List. Not used directly, but passed through from explain().

paired_shap_sampling

Logical. If TRUE paired versions of all sampled coalitions are also included in the computation. That is, if there are 5 features and e.g. coalitions (1,3,5) are sampled, then also coalition (2,4) is used for computing the Shapley values. This is done to reduce the variance of the Shapley value estimates. TRUE is the default and is recommended for highest accuracy. For asymmetric, FALSE is the default and the only legal value.

kernelSHAP_reweighting

String. How to reweight the sampling frequency weights in the kernelSHAP solution after sampling. The aim of this is to reduce the randomness and thereby the variance of the Shapley value estimates.

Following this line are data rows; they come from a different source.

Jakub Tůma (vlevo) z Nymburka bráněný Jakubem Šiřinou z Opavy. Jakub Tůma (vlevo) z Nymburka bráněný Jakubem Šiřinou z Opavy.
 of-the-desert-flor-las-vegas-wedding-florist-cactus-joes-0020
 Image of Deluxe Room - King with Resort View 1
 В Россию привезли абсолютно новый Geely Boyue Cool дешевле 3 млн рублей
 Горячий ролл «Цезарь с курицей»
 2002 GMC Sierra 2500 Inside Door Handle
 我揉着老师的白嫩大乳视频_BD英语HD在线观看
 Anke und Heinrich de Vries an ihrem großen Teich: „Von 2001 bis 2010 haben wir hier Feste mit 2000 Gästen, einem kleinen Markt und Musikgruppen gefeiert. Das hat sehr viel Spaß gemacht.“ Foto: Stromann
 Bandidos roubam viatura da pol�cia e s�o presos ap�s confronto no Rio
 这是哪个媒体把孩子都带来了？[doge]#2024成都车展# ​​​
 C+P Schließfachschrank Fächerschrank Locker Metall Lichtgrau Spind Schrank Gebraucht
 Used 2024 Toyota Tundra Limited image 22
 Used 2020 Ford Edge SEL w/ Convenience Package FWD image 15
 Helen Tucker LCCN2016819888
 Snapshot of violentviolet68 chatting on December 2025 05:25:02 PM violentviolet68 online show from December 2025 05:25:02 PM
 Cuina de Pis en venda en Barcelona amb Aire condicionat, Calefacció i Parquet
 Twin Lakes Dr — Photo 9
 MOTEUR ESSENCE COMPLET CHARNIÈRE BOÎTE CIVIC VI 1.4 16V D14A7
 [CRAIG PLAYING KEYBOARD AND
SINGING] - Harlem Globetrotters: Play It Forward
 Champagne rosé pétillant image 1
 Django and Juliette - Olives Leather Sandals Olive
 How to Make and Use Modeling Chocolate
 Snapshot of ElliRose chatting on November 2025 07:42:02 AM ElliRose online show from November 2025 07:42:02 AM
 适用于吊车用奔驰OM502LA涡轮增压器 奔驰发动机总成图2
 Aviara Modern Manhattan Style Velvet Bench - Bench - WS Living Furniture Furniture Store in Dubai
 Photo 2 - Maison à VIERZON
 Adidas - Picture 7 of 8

The options are one of 'none', 'on_N', 'on_all', 'on_all_cond' (default). 'none' means no reweighting, i.e. the sampling frequency weights are used as is. 'on_N' means the sampling frequencies are averaged over all coalitions with the same original sampling probabilities. 'on_all' means the original sampling probabilities are used for all coalitions. 'on_all_cond' means the original sampling probabilities are used for all coalitions, while adjusting for the probability that they are sampled at least once. 'on_all_cond' is preferred as it performs the best in simulation studies, see Olsen & Jullum (2024).

compute_sd

Logical. Whether to estimate the standard deviations of the Shapley value estimates. This is TRUE whenever sampling based kernelSHAP is applied (either iteratively or with a fixed number of coalitions).

n_boot_samps

Integer. The number of bootstrapped samples (i.e. samples with replacement) from the set of all coalitions used to estimate the standard deviations of the Shapley value estimates.

max_batch_size

Integer. The maximum number of coalitions to estimate simultaneously within each iteration. A larger numbers requires more memory, but may have a slight computational advantage.

min_n_batches

Integer. The minimum number of batches to split the computation into within each iteration. Larger numbers gives more frequent progress updates. If parallelization is applied, this should be set no smaller than the number of parallel workers.

Author

Martin Jullum